Sunday, December 16, 2007

Physical sciences news, 12/10/07-12/16/07

Milky Way
Stars occupying regions above and below the disk of a spiral galaxy like the Milky Way are said to be in the galaxy's halo. In our own galaxy it turns out that there are two distinct halo regions, and they are rotating in opposite directions.

Milky Way's two stellar halos have opposing spins
Discovery shows Milky Way halo is split in two
Huge Newfound Part of Milky Way Rotates Backward

Extrasolar planets
Some other solar systems besides ours undoubtedly have rocky planets like Mercury which always show the same face to the host star. A computer simulation shows that there could be a narrow potentially habitable region between the light and dark sides of such a planet.

'Twilight zones' on scorched planets could support life

Gliese 581d
Gliese 581d is a rocky planet recently discovered in orbit around the red dwarf star Gliese 581. It has about 8 times the mass of Earth. Two teams have now done simulations of the atmosphere of Gliese 581d and concluded that an atmosphere could exist and have properties considered necessary for Earthlike life to develop.

Gliese 581: one planet might indeed be habitable
Gliese 581d: A Habitable World After All?
Is Gliese 581 Habitable?
More Evidence that Gliese 581 Has Planets in the Habitable Zone

Haze on HD 189733b
HD 189733b is a gas giant extrasolar planet of the yellow dwarf star HD 189733 A. Although previous observations had suggested the presence of water vapor in the atmosphere, the latest set observations using the Hubble Space Telescope did not find evidence of water, sodium, or potassium in the atmosphere. However, there was an indication that the atmosphere did contain a haze of dust particles of unknown composition about 1 micron in size.

Hazy red sunset on extrasolar planet
Dust in a Hot Jupiter's Atmosphere
First Sunset Outside Our Solar System Glimpsed
A Red Haze on Distant Exoplanet
HD 189733b: A 'Murky' Extrasolar Planet

Silica and the possibility of life on Mars
One of NASA's Mars rovers has found what appears to be a a deposit consisting largely of silica (SiO2) – very fine grained beach sand, essentially. On Earth such deposits are found only in certain hot springs or volcanic fumaroles. Here both such environments support a great deal of microbial life. If life ever existed on Mars, it would likewise probably have thrived in such an environment.

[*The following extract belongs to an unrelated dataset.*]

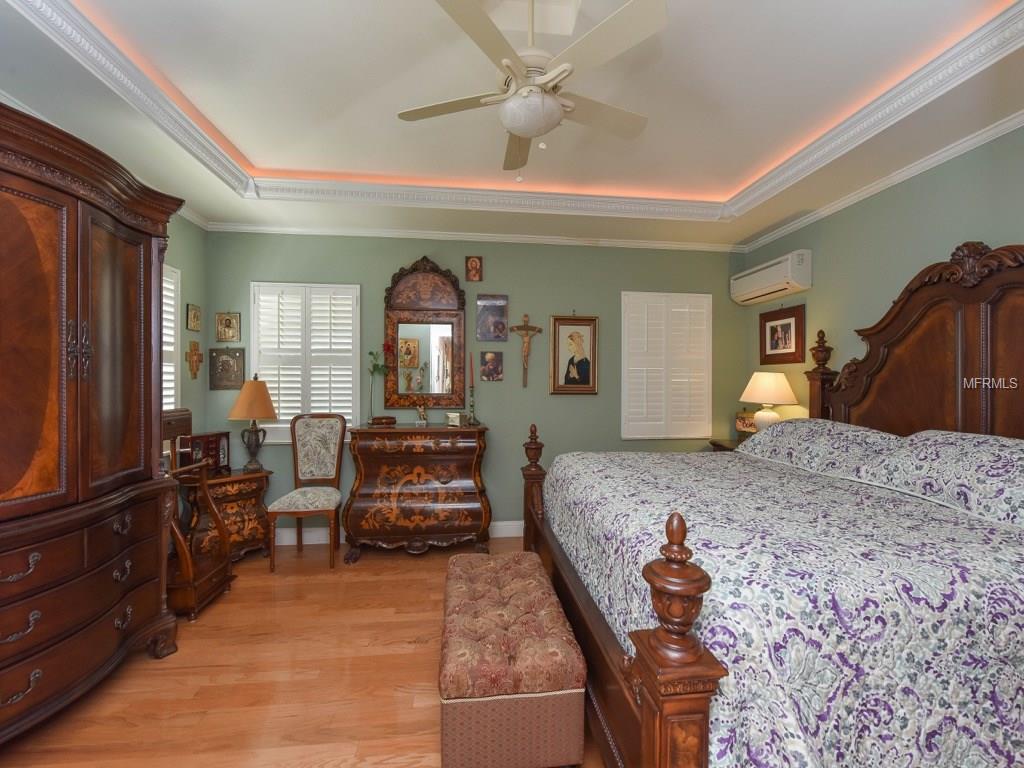 1555 SANDPIPER LANE, SARASOTA, Florida 34239, 3 Bedrooms Bedrooms, 6 Rooms Rooms,2 BathroomsBathrooms,Residential,For sale,SANDPIPER,N5911751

Clues to a Steamy Martian Past
Mars Rover Investigates Signs of Steamy Martian Past
Mars robot unearths microbe clue
Mars Rover Finding Suggests Once Habitable Environment
Mars rover finds signs of microbial life
Spirit's Big Discovery

Organic compounds on Martian meteorite ALH 84001
ALH 84001 is a meteorite whose composition indicates it crystallized from molten rock 4.5 billion years ago on Mars. Over 10 years ago a team of NASA scientists hypothesized that some very small (20-100 nm) structures in the meteorite might be traces of life, but the claim was quite controversial and is no longer widely accepted. However, a recent comparison of the meteorite with terrestrial rocks suggests that simple organic compounds found in ALH 84001 could have formed, as in their terrestrial counterparts, in a chemical process catalyzed by magnetite (Fe3O4).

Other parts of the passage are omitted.